== Segment start ==

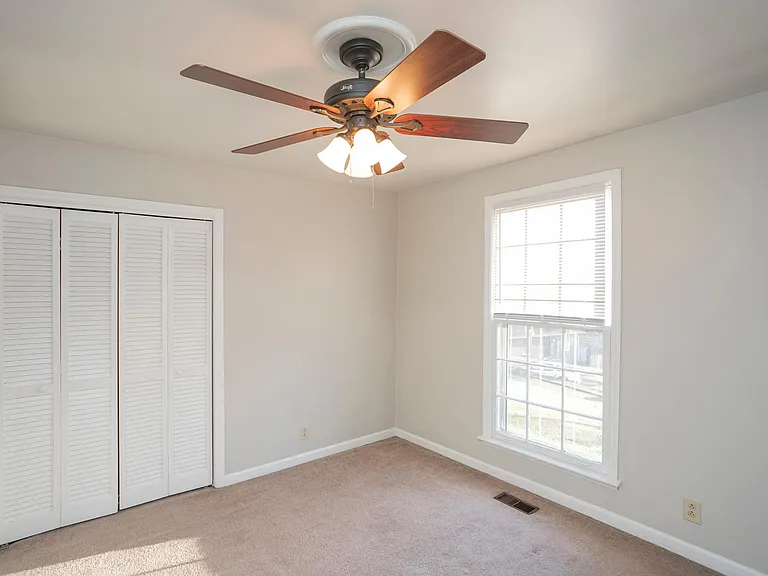 610 Ashley Ct — Photo 14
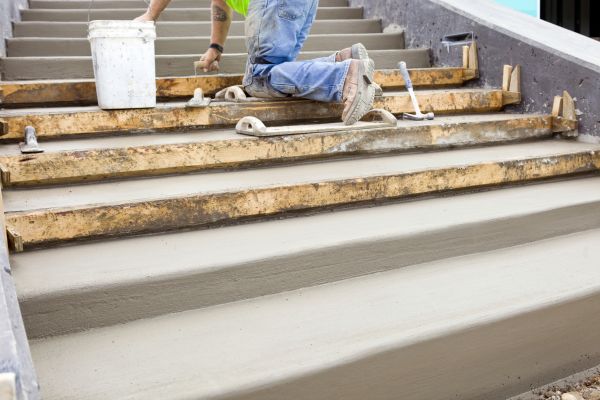 Concrete Steps Pouring in Freehold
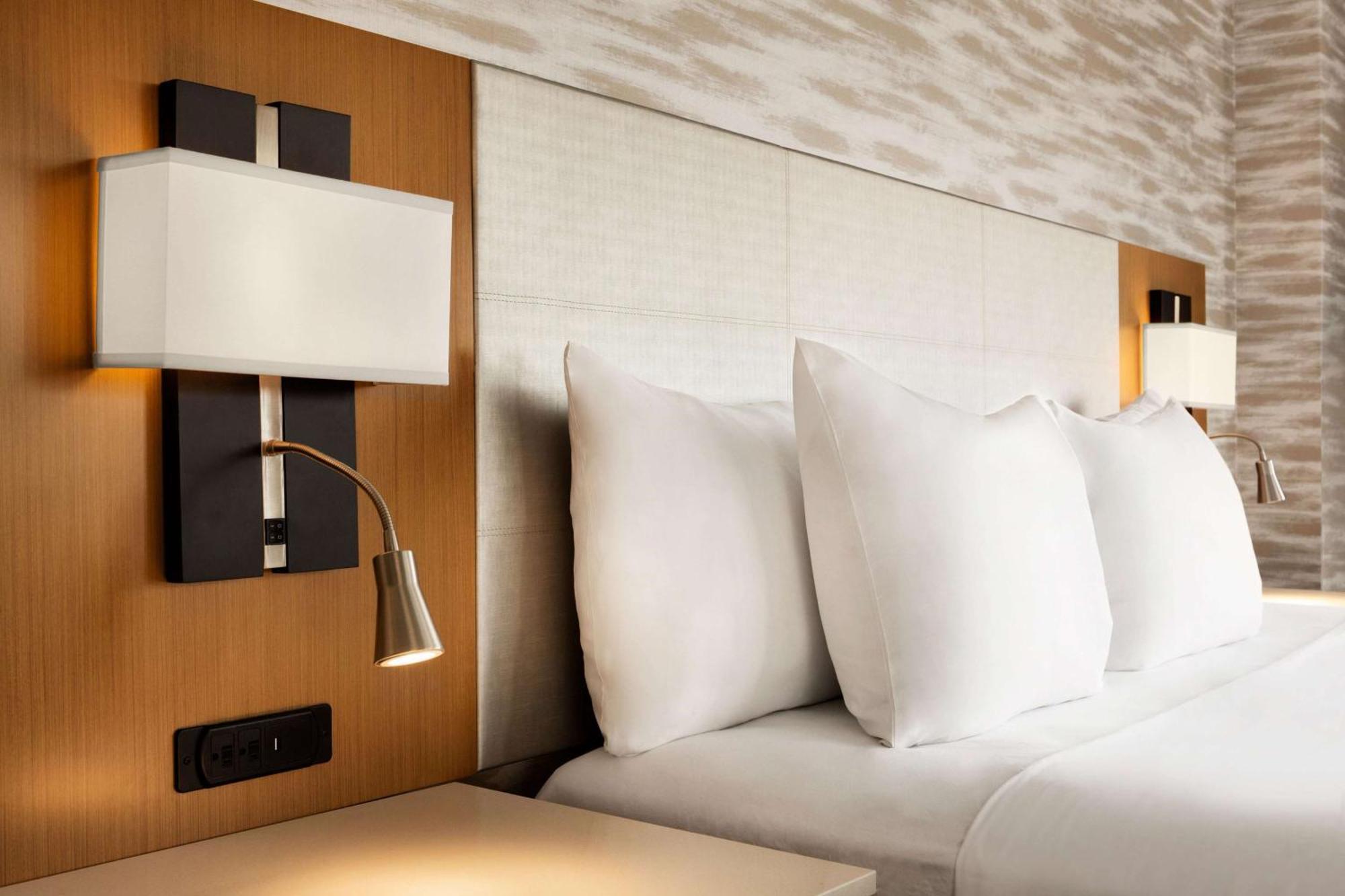 เรดิสสัน โฮเต็ล แคธแมนดู Hotel กาฐมาณฑุ ภายนอก รูปภาพ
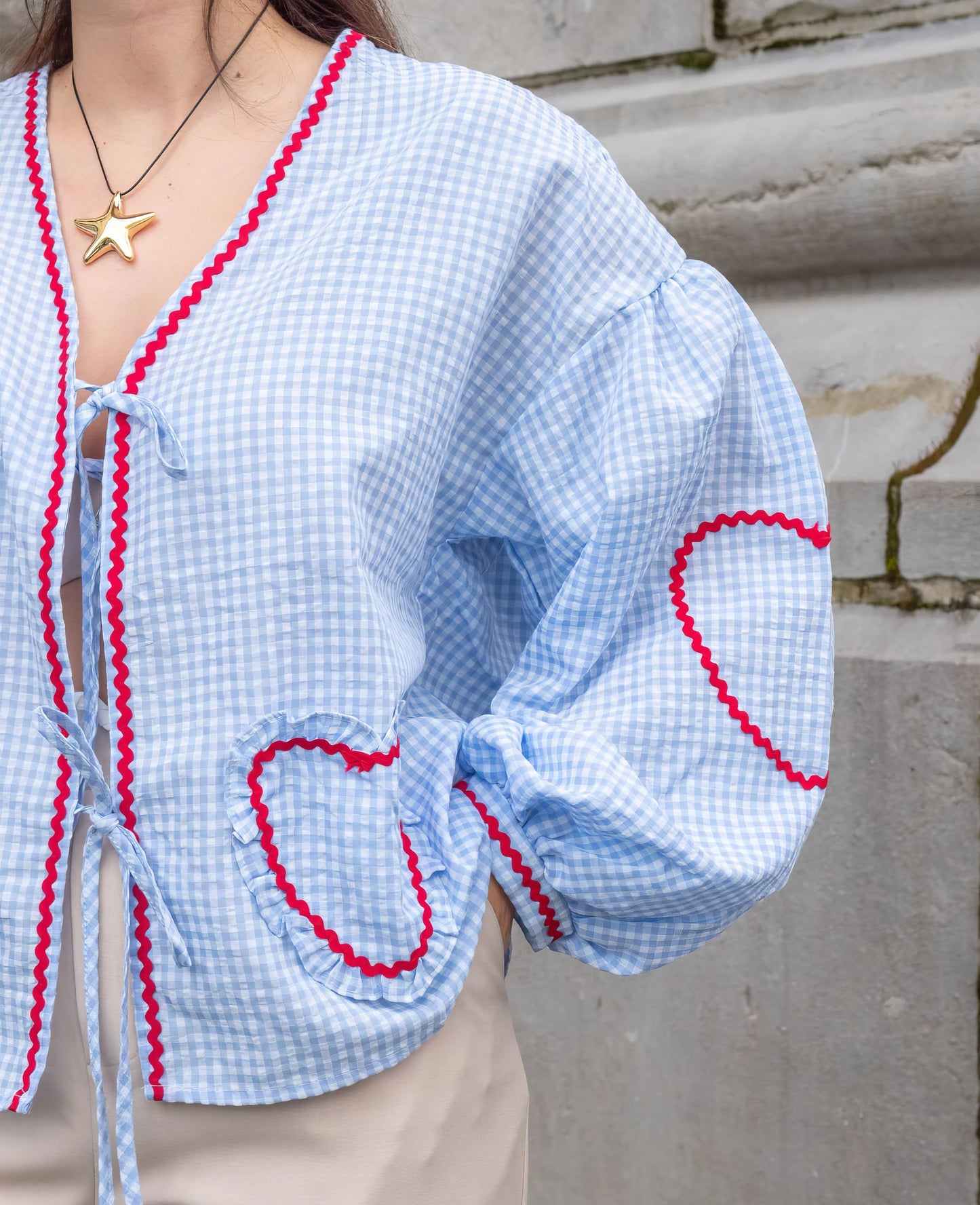 MARINA GINGHAM TIE BLOSSE - Blusa con puffleeves e chiusura Strik per | Becker Amsterdam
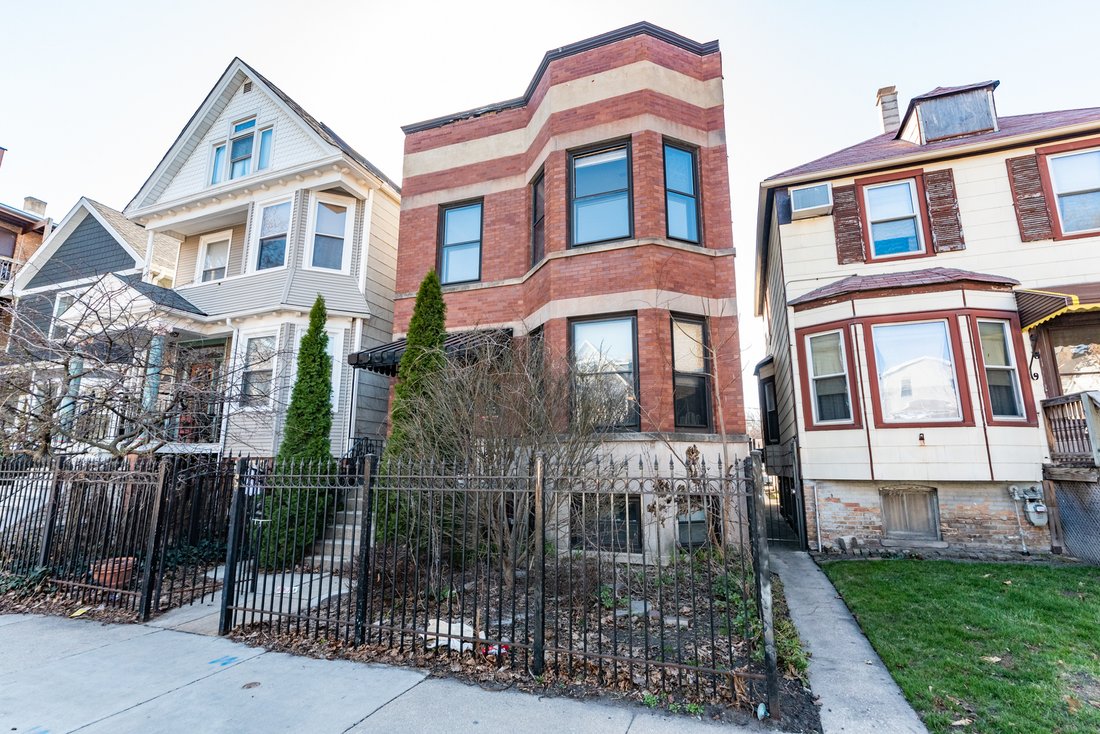 Chicago, Illinois, United States 1 - 17069678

== Segment end ==

PROBLEM STATEMENT — Copy each line of the records precisely and drop any images they hold.

RESULT —
 610 Ashley Ct — Photo 14
 Concrete Steps Pouring in Freehold
 เรดิสสัน โฮเต็ล แคธแมนดู Hotel กาฐมาณฑุ ภายนอก รูปภาพ
 MARINA GINGHAM TIE BLOSSE - Blusa con puffleeves e chiusura Strik per | Becker Amsterdam
 Chicago, Illinois, United States 1 - 17069678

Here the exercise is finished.